Emil Sitko may have been Notre Dame's best player during the Irish's glory years in the late 1940s.
Fort Wayne's Emil "Red" Sitko might be the finest offensive player who played during Notre Dame football's finest era.
The Central High School graduate rushed for 2,226 yards and 26 touchdowns from 1946 to 1949 as the Fighting Irish went 8-0-1, 9-0, 9-0-1 and 10-0 to win three national championships. Sitko was a first-team All-American in 1948 and 1949, and he won the Walter Camp Award as the nation's top player in 1949 when he rushed for 712 yards and nine touchdowns on 120 carries. He finished eighth in that season's Heisman Trophy voting behind teammate Leon Hart.

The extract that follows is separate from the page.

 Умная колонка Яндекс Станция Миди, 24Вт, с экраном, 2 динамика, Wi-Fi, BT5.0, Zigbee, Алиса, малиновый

Sitko, who led Notre Dame in rushing all four years, measured only 5-foot-8 and 175 pounds but averaged 6.1 yards per carry.
"Emil wasn't very big as football players go -- even for those days," Irish coach Frank Leahy once said. "But he was the fastest starting back I ever coached."
During Sitko's last game at Notre Dame, against Southern Methodist, the Irish were tied 20-20 late in the fourth quarter. SMU kicked off as Sitko walked up to freshman quarterback Bob Williams. "OK, for a kid you're a good quarterback, but you give me the ball every play until I tell you different."
Sitko carried the ball every play until Notre Dame reached the SMU 3-yard line, and then said, "It's OK now, kid, give it to someone else." Williams did and Notre Dame scored and won 27-20.
After Notre Dame, Sitko played three seasons in the NFL with San Francisco and the Chicago Cardinals. He died in Fort Wayne in 1973, and he was inducted into the National Football Foundation Hall of Fame in 1984.